Fresque sociale ou histoire d’amour irréaliste, Eastern Boys appuie là où cela fait mal ♥♥♥Daniel aborde Marek dans une gare parisienne où ce dernier traine avec sa bande. Il lui propose de le retrouver chez lui le jour suivant. Mais lorsque Daniel ouvre la porte de son appartement le lendemain, il est loin d’imaginer le piège dans lequel il s’apprête à tomber et qui va bouleverser sa vie.

Robin Campillo avait déjà décontenancé son monde il y a dix ans en réalisant « les revenants », film qui a inspiré la série aujourd’hui déjà culte.
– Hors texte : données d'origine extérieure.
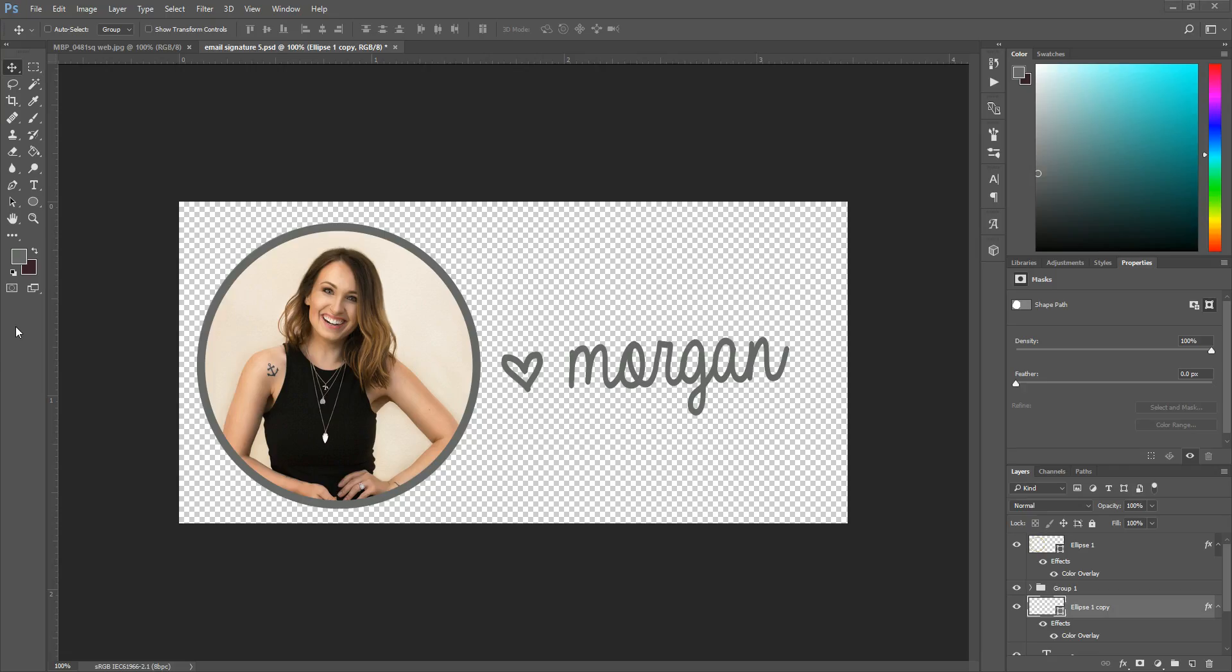Hi there, this is Morgan with Morgan Brooks Photography and Product Shop, and today I'm going to show you how to create an email signature image. If you're not sure what that is, basically it's a picture that displays at the bottom of every email that you send. So this is mine, it's got a picture of me and then it's got my signature there.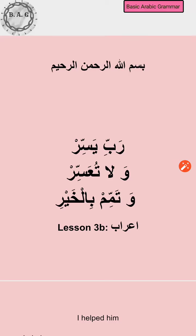Auzubillahi min ash-shaytani rajeem. Bismillahirrahmanirrahim. So let's move on to the second part of the third lesson, which is about the application of tanween — or rather, the significance of tanween.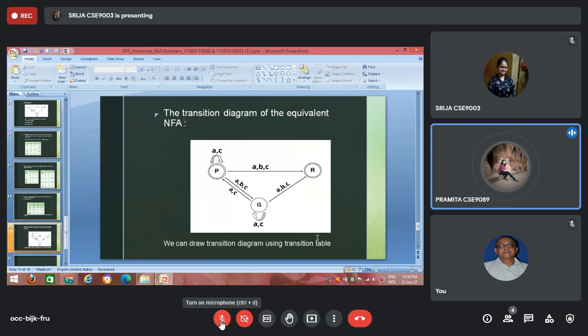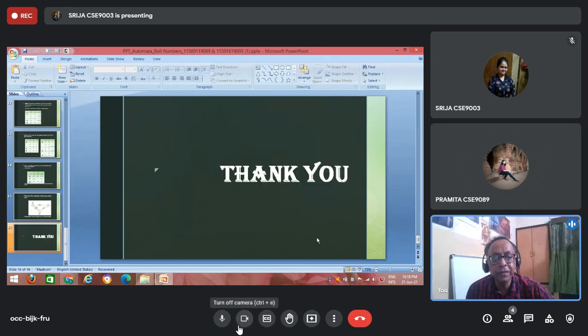Here we conclude our presentation. Thank you.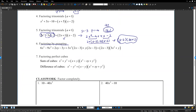Using factoring by grouping for 6x cubed minus 9x squared minus 4x plus 6: the first two terms have GCF 3x squared, giving 3x squared times 2x minus 3. The last two terms have GCF negative 2 — actually the GCF is 2 for the constants — but inside you still get 2x minus 3. So 2x minus 3 is the common factor. Factor it out: 2x minus 3 times 3x squared plus y. That is factoring by grouping.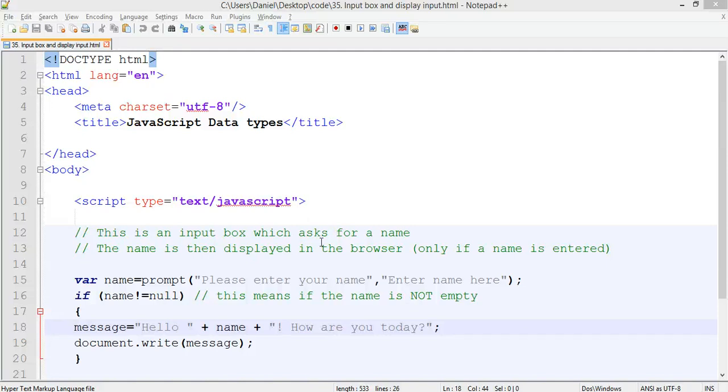Hello, in this tutorial we will use input boxes to ask the user a question and then take their input, their text input and use it on a web page.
Il revient cette année avec un nouveau film à son image à savoir une réalisation qui ouvre toujours beaucoup de portes et ne prend jamais le spectateur par la main… Certes c’est poussif au départ sur la mise en place et le chapitrage n’augure que peu de bon… Puis, cela s’installe progressivement et laisse une bien belle fin se dessiner tel une sorte de thriller social.
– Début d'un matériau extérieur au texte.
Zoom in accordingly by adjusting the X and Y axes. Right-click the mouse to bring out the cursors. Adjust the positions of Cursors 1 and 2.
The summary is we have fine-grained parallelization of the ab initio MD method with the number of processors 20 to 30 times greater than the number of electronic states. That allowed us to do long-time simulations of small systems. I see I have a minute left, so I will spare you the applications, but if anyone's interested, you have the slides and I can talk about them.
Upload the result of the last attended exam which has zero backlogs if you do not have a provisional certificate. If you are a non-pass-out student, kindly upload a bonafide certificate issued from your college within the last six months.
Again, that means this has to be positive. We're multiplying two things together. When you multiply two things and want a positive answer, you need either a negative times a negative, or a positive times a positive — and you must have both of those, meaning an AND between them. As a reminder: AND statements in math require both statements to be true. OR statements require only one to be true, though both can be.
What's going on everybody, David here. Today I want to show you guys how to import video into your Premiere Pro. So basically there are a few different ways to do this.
Olivier Rabourdin (qui est décidément sur tous les fronts depuis Des hommes et des Dieux) apporte le charisme nécessaire au personnage de Daniel qu’on comprendra de moins en moins au fur et à mesure que l’histoire avance.

Le résultat est un ovni au niveau des « revenants » (en plus abouti) qui laissera sans doute de nombreux spectateurs sur leur faim… Mais c’est toutefois une nouvelle proposition artistique qu’il convient de souligner…et qui fut justement primé à Venise (meilleur film dans la catégorie Horizon).